== What is being asked ==
Drop the pictures and restate the rest of the listing word for word.

== Supplied information ==
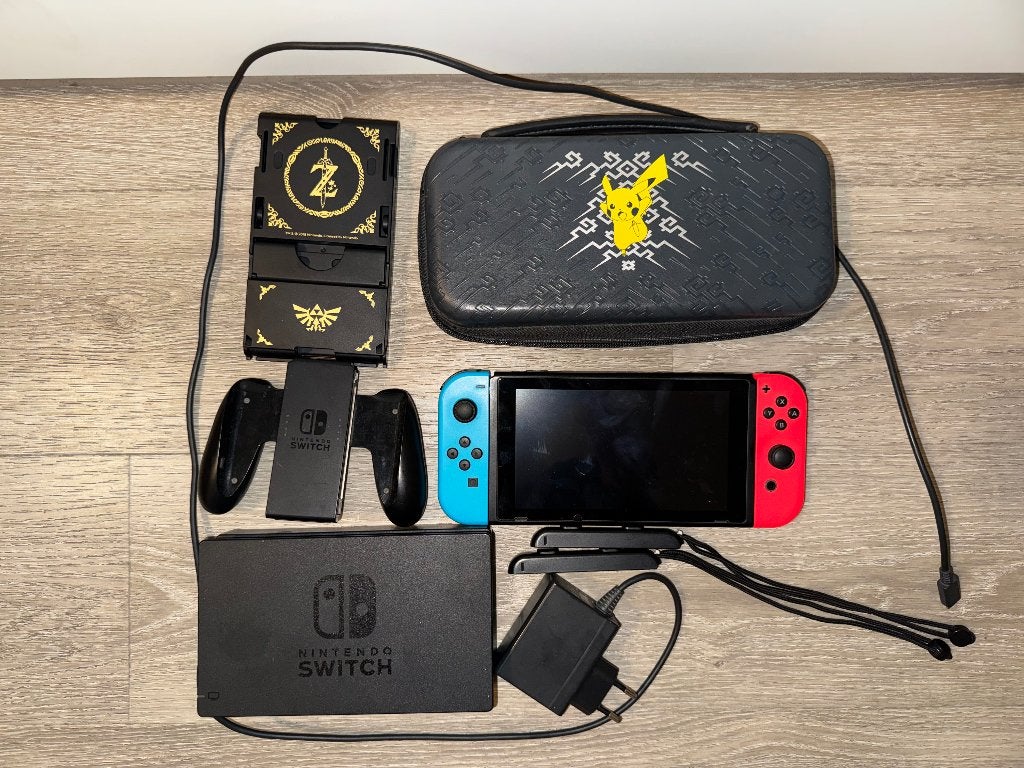 Nintendo switch v1 Unpatched/Moddable with case and stand, Ophalen of Verzenden, Gebruikt, Switch Original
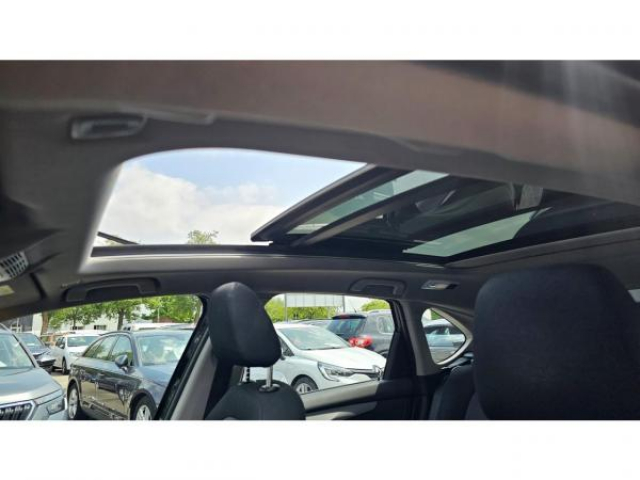 BMW SERIE 2 ACTIVE TOURER Business Pack 216d 116cv + Toit ouvrant panoramique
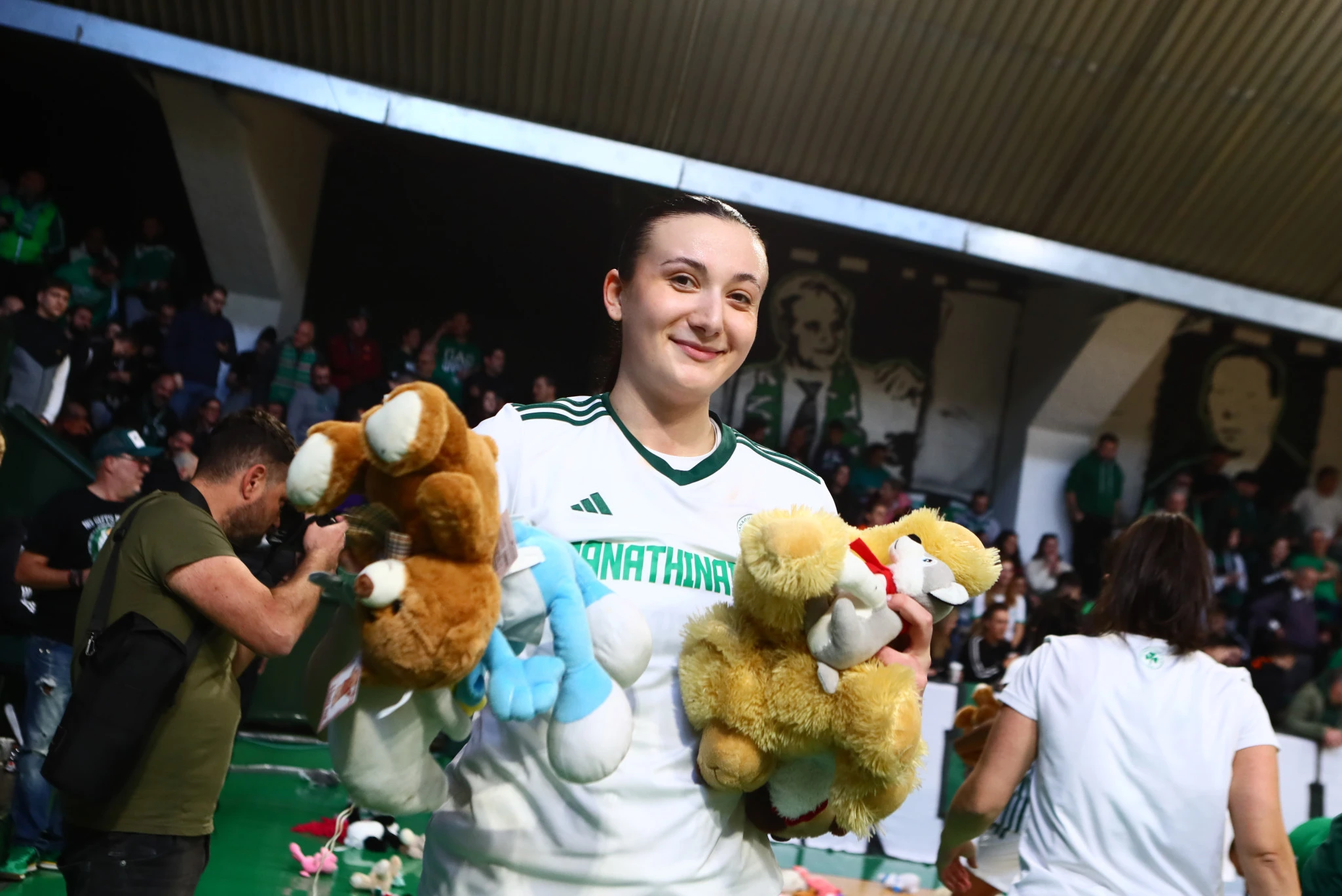 Τα λούτρινα αρκουδάκια στο μπάσκετ Γυναικών του Παναθηναϊκού / Πηγή: Eurokinissi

== Answer to the exercise ==
 Nintendo switch v1 Unpatched/Moddable with case and stand, Ophalen of Verzenden, Gebruikt, Switch Original
 BMW SERIE 2 ACTIVE TOURER Business Pack 216d 116cv + Toit ouvrant panoramique
 Τα λούτρινα αρκουδάκια στο μπάσκετ Γυναικών του Παναθηναϊκού / Πηγή: Eurokinissi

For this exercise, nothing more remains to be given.